Tough one to prove, though. So as not to avoid confusing return and warranty provisions:

To extend the 30-day return period, you'd pretty much have to show (1) TiVo said certain features would be enabled, (2) they weren't, (3) you relied on what TiVo said, (4) you bought the TiVo for those features, (5) you were ready to return it within the 30-day period because of those missing features, and (6) TiVo made you think the features would be enabled soon to change your mind. That's not the case here since the OP said his problems started at day 40. No problem at day 30, no intent to return it at day 30, etc. That's even assuming you could extend the 30-day return period because of the lack of features. You would have known right away when you got the box that they weren't enabled, and no one from Tivo ever promised they'd be working within the return period or shortly thereafter.

To extend the warranty provision, well, that's not really a help. The warranty says you get a repaired, renewed, or comparable product within a certain time period. The goal would be to declare the "repaired, renewed, or comparable product" provision invalid, rather than extending the warranty period. And the scenario above wouldn't mean the "repaired, renewed, or comparable product" provision is invalid.


----------



## Stormspace (Apr 13, 2004)

TexasAg said:


> Read the warranty and show me where it says *you* have the option of picking repair vs. renew.

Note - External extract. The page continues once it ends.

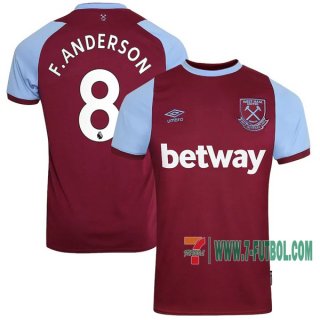 7-Futbol: La Nueva Primera Camiseta Del West Ham United F.Anderson #8 2020-2021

Here's the language again:
> 
> For 90 days from the purchase date, the DVR will be replaced *with a repaired, renewed or comparable product (whichever is deemed necessary by TiVo) * if it becomes defective or inoperative. This exchange is done without charge to you for parts and labor (except applicable taxes, if any). You will be responsible for the cost of shipping. From 90 days to 1 year from the date of purchase, your DVR will be replaced * with a repaired, renewed, or comparable product (whichever is deemed necessary by TiVo) * if it becomes defective or inoperative. You will be responsible for all labor and shipping costs (except for applicable taxes, if any).
> 
> ...


I've read the warranty several times from various postings and it strikes me as odd that this warranty apparently doesn't cover the Series 3 TIVo. It's a small point, a technicality even, but the Series 3 is a DMR, not a DVR.


----------



## dswallow (Dec 3, 2000)

TexasAg said:


> You would have known right away when you got the box that they weren't enabled, and no one from Tivo ever promised they'd be working within the return period or shortly thereafter.

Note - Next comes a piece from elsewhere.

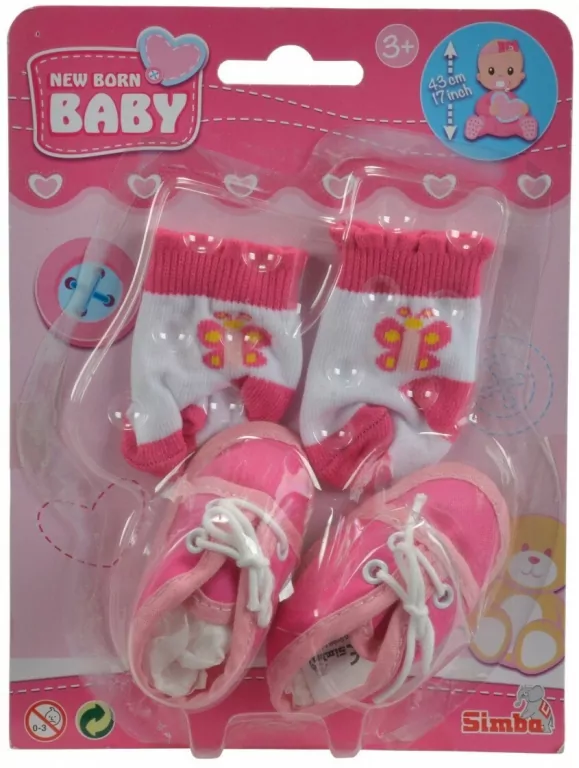 New Born Baby Buciki i skarpetki, 4 rodzaje - tantis.pl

If such features were described on the box, or on promotional materials presented by the company to induce the order, then you'd have met that test, unless it was clearly labeled those features wouldn't work out of the box or immediately thereafter (i.e., a software update already available the day you bought/received it).


----------



## TexasAg (Apr 2, 2006)

Stormspace said:


> I've read the warranty several times from various postings and it strikes me as odd that this warranty apparently doesn't cover the Series 3 TIVo. It's a small point, a technicality even, but the Series 3 is a DMR, not a DVR.


The exact same warranty language is included in the S3 manual, which describes the S3 as a "TiVo Series3 HD Digital Media Recorder (DVR)".


----------



## Stormspace (Apr 13, 2004)

TexasAg said:


> The exact same warranty language is included in the S3 manual, which describes the S3 as a "TiVo Series3 HD Digital Media Recorder (DVR)".


Busted! Oh Well.


----------



## TexasAg (Apr 2, 2006)

Stormspace said:


> Busted! Oh Well.


Kinda silly on their part. It's like: "Welcome to Texas A&M, which stands for Texas Agriculture & Electronics" (now no Aggie jokes).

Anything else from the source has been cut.